- _WHAT YOU WILL DO_
Restate word for word the lines of the records below, starting at the line that contains "Up Baby - Conjunto" and ending at the line that contains "Dark Horse Run", with both of those lines included and nothing else.

- _EXERCISE DATA_
============================================================

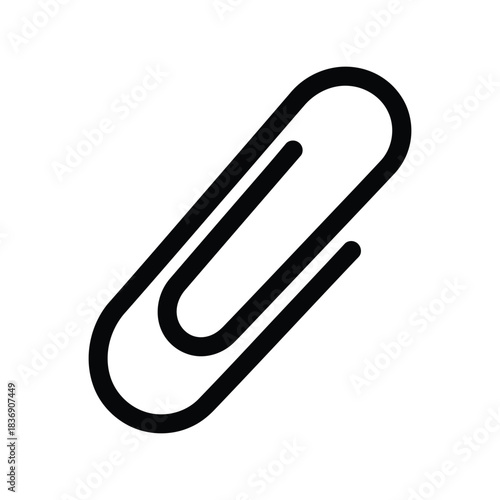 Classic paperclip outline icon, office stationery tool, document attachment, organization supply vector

============================================================

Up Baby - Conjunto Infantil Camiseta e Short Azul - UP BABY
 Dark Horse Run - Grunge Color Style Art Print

============================================================

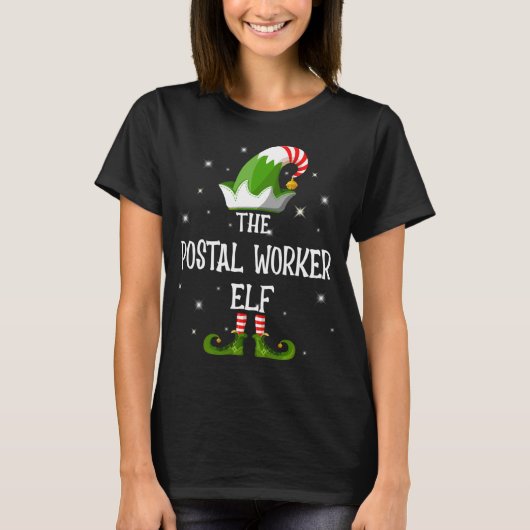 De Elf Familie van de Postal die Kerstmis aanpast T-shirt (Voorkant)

============================================================

- _ANSWER TO THIS EXERCISE_
Up Baby - Conjunto Infantil Camiseta e Short Azul - UP BABY
 Dark Horse Run - Grunge Color Style Art Print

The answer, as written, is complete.